KOMPAS/HERU SRI KUMORO
Tanaman sorgum hasil uji daya hasil lanjutan galur-galur mutan sorgum pangan di Kebun Percobaan Pertanian Citayam, Kecamatan Cipayung, Bogor, Rabu (18/1/2017). Badan Tenaga Nuklir Nasional menyiapkan sorgum mutan untuk kerja sama dengan pihak lain guna hilirisasi hasil riset berbasis sorgum.
”Sorgum ini bisa hidup di lahan marjinal dan kritis, sedangkan lahan marjinal di Indonesia ini sangat banyak sekali. Jadi, dengan sorgum ini, kita yakin Indonesia bisa swasembada pangan,” tuturnya seperti disampaikan dalam keterangan tertulis KSP 10 Juni lalu.
Presiden Jokowi menanam dan memanen sorgum di lahan budidaya seluas 400 hektar di Desa Laipori, Kabupaten Sumba Timur, Nusa Tenggara Timur, awal Juni lalu.
Saat ini, dunia sedang mengalami kekurangan pangan. Oleh sebab itu, Presiden meminta semua pihak agar waspada dan memastikan ketersediaan pangan Indonesia pada kondisi yang aman.
Pengembangan varietas-varietas unggul padi juga perlu dilanjutkan. Varietas dengan produktivitas tinggi diharap mampu memastikan ketersediaan pangan di Indonesia. Penelitian beragam varietas unggul padi salah satunya dilakukan di Balai Padi Kementerian Pertanian.
Sementara dalam peninjauannya di BBPadi, Presiden Jokowi melihat gudang plasma nutfah yang menyimpan berbagai koleksi dan konservasi plasma nutfah tanaman padi. Presiden mendapati BBPadi telah menyiapkan varietas-varietas unggul dan menemukan varietas-varietas baru. Presiden juga mencoba menanam bibit padi di sawah BBPadi.
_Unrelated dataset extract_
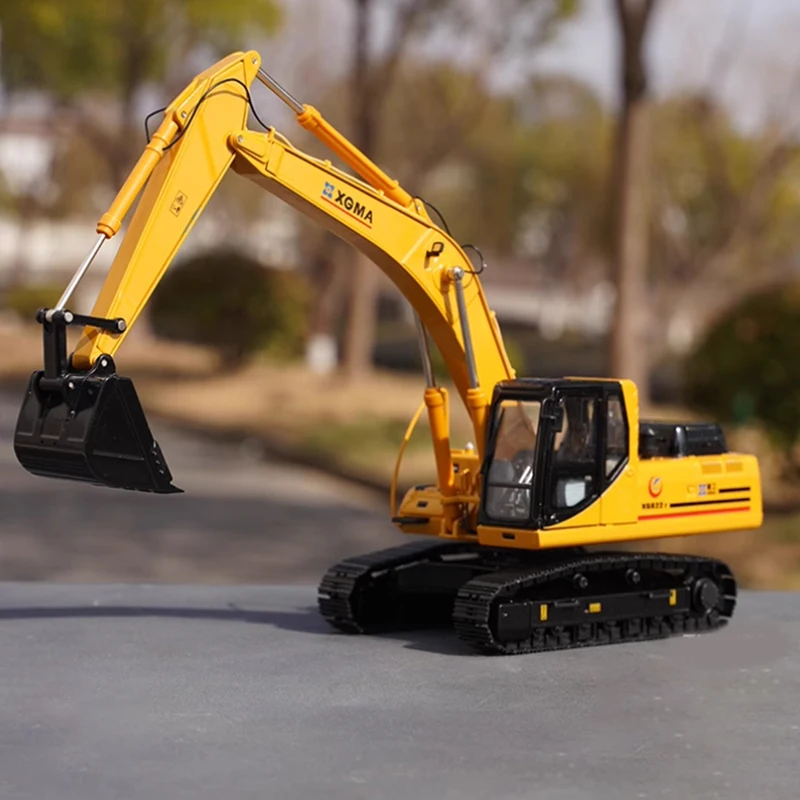 Diecast 1:35 Scale XGMA XG822 Excavator Hook Alloy Engineering Vehicle Mechanical Model Finished Simulation Collection Gift Toys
”Kita lihat tadi yang banyak ditanam oleh masyarakat memang Inpari 32 dan Inpari 42 dan juga varietas-varietas yang lainnya,” ujarnya.
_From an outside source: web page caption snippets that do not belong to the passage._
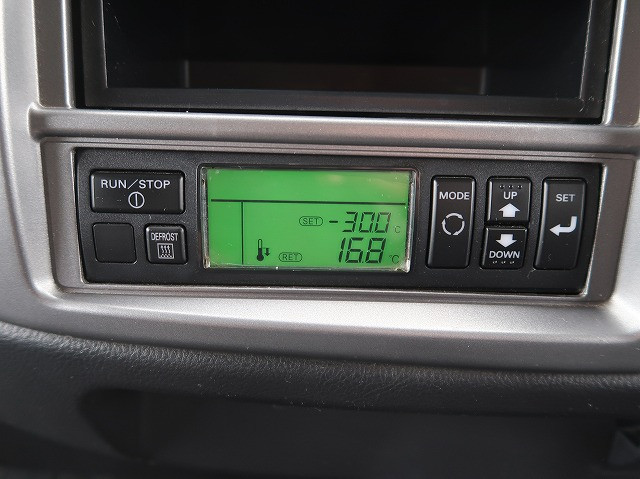 中古トラック 日野冷凍バン #22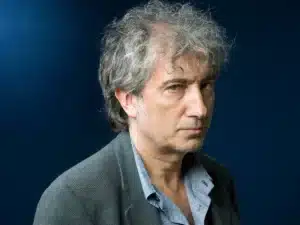 تصویر آدام فیلیپس نویسنده کتاب تسلیم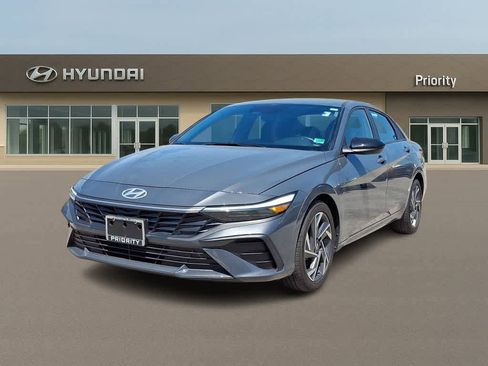 Used 2025 Hyundai Elantra Sport image 1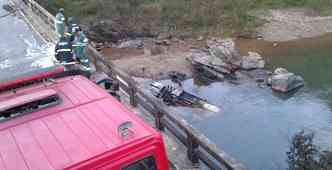 Motorista morreu depois de perder o controle de caminho-tanque, que bateu em ponte e explodiu(foto: Corpo de Bombeiros/Divulgao)
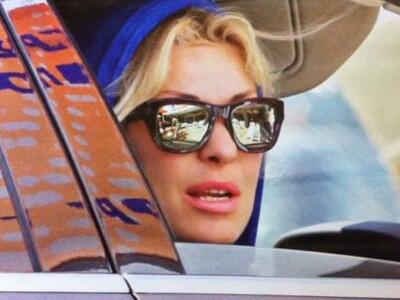 Κρύφτηκε η Ελένη Μενεγάκη από τους φωτογ...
Presiden menambahkan bahwa benih memiliki peranan yang sangat penting dalam menaikkan produksi beras nasional di setiap hektarnya. Jika betul-betul didampingi oleh para penyuluh pertanian lapangan (PPL), Presiden yakin lahan pertanian yang dikelola akan menghasilkan panen yang baik.
BPMI SEKRETARIAT PRESIDEN
Presiden Joko Widodo melihat gudang plasma nutfah yang menyimpan berbagai koleksi dan konservasi plasma nutfah tanaman padi di Balai Besar Penelitian Tanaman Padi, Subang, Selasa (12/7/2022).
”Kalau betul-betul didampingi oleh PPL-PPL yang baik, satu hektar Inpari 32 dan Inpari 42 bisa menghasilkan kurang lebih sampai 12 ton. Tetapi katakanlah 7-8 ton saja itu sudah sebuah lompatan yang sangat baik bagi stok ketersediaan pangan, terutama beras kita,” tuturnya.
Presiden pun meyakini swasembada beras bisa segera dicapai. Apalagi, selama tiga tahun ini, Indonesia tidak impor beras.